Your job is to print, exactly, the lines in the data below from the line with "The Great Calm - Bild 1 von 1" through the line with "Kpl 4 sukulenty", both included, and to omit any picture.

### PROVIDED ENTRIES

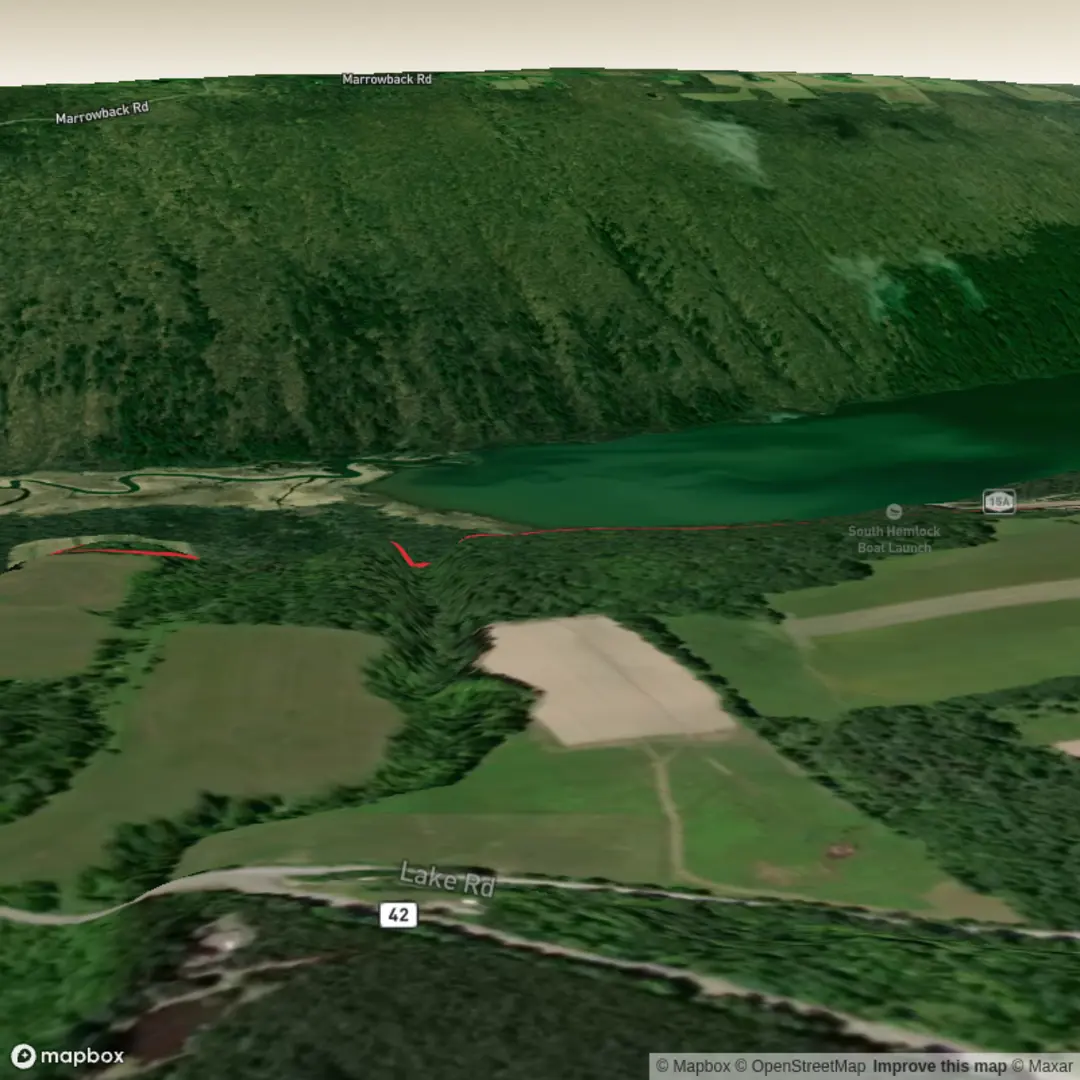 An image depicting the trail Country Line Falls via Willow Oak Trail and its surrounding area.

######
### PROVIDED ENTRIES

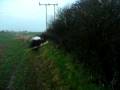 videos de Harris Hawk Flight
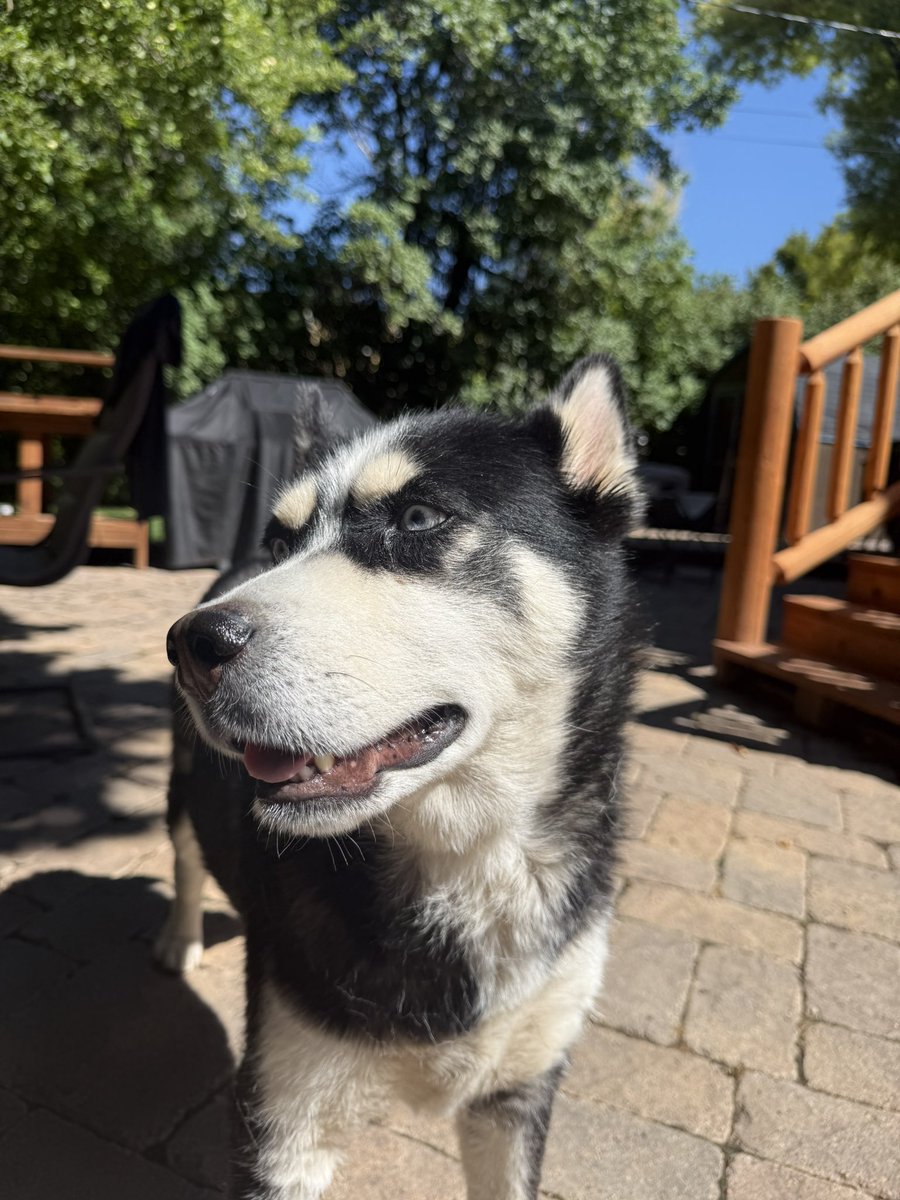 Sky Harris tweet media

######
### PROVIDED ENTRIES

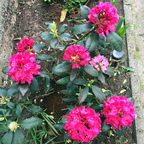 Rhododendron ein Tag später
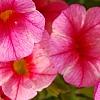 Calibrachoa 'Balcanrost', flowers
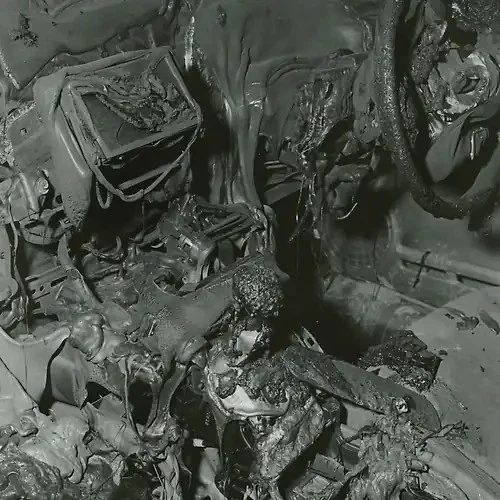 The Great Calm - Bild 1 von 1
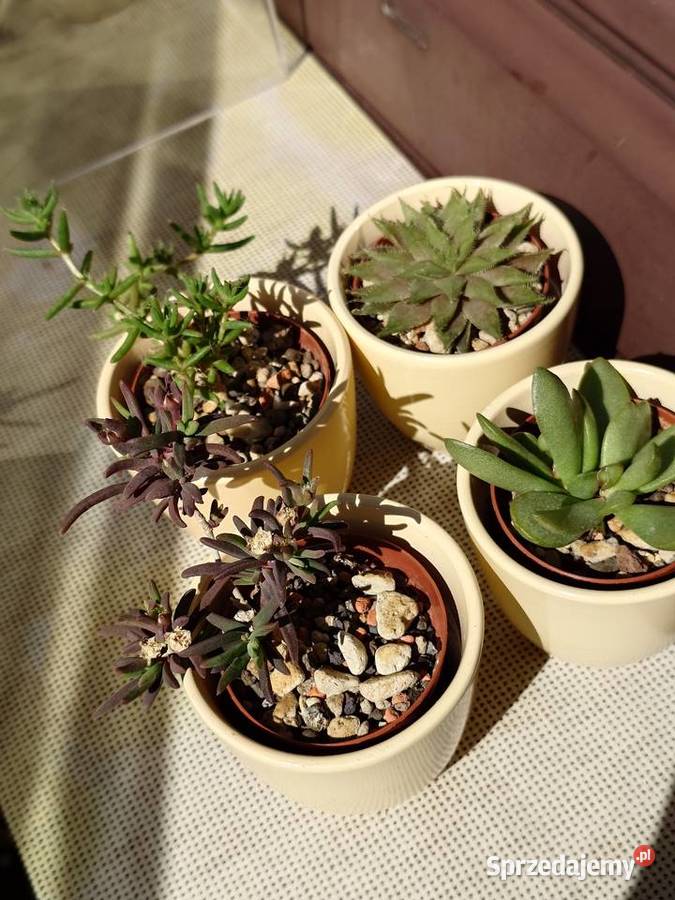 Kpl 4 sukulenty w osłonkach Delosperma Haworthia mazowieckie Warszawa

######

◆ ANSWER TO THIS PROBLEM ◆
 The Great Calm - Bild 1 von 1
 Kpl 4 sukulenty w osłonkach Delosperma Haworthia mazowieckie Warszawa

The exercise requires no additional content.